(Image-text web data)
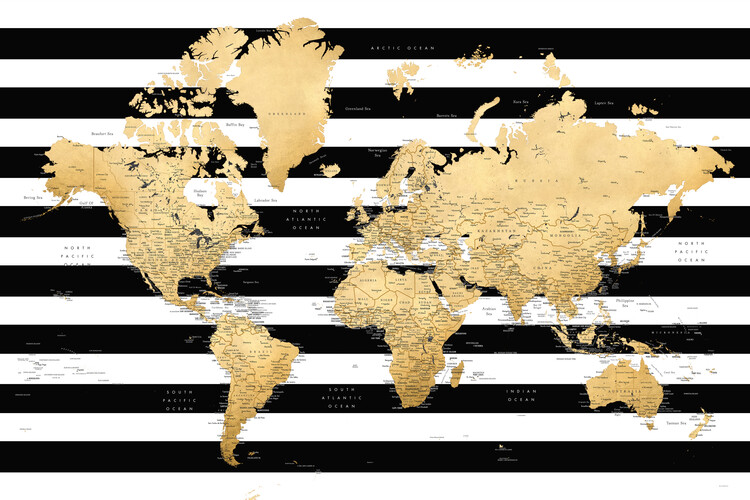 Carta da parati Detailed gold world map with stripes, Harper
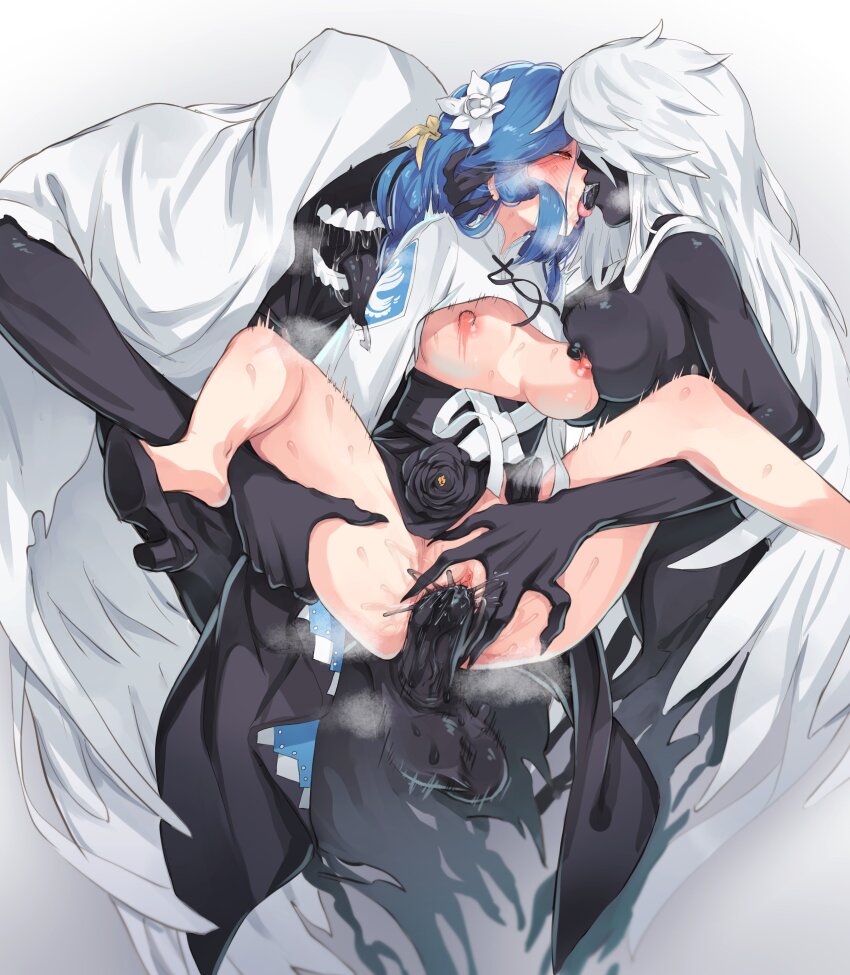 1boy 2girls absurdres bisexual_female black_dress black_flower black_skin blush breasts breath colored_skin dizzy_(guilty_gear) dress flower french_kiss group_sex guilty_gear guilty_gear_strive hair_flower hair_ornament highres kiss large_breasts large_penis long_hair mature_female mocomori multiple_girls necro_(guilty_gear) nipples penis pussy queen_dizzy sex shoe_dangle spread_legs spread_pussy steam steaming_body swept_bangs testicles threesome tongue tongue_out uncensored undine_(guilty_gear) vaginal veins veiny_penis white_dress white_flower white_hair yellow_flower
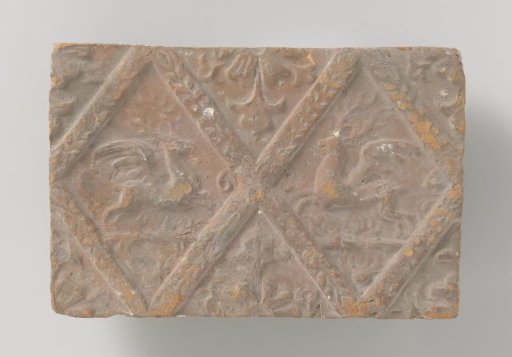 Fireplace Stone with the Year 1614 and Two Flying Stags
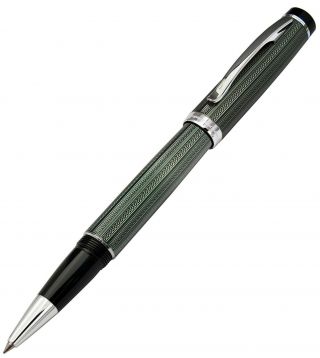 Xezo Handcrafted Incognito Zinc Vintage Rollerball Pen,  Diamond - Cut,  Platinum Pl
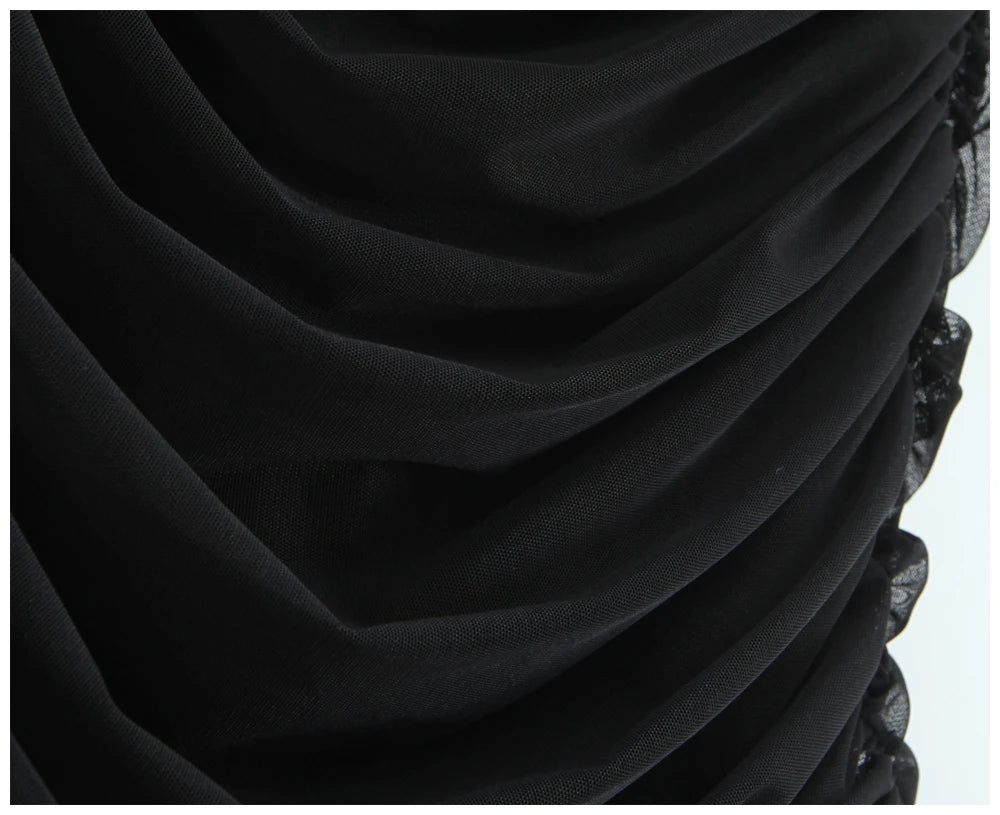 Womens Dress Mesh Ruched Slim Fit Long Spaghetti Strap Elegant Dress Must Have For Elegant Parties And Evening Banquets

**EXERCISE BRIEF:**
Once the pictures are set aside, repeat the remaining data word for word.

**THE ANSWER:**
 Carta da parati Detailed gold world map with stripes, Harper
 1boy 2girls absurdres bisexual_female black_dress black_flower black_skin blush breasts breath colored_skin dizzy_(guilty_gear) dress flower french_kiss group_sex guilty_gear guilty_gear_strive hair_flower hair_ornament highres kiss large_breasts large_penis long_hair mature_female mocomori multiple_girls necro_(guilty_gear) nipples penis pussy queen_dizzy sex shoe_dangle spread_legs spread_pussy steam steaming_body swept_bangs testicles threesome tongue tongue_out uncensored undine_(guilty_gear) vaginal veins veiny_penis white_dress white_flower white_hair yellow_flower
 Fireplace Stone with the Year 1614 and Two Flying Stags
 Xezo Handcrafted Incognito Zinc Vintage Rollerball Pen,  Diamond - Cut,  Platinum Pl
 Womens Dress Mesh Ruched Slim Fit Long Spaghetti Strap Elegant Dress Must Have For Elegant Parties And Evening Banquets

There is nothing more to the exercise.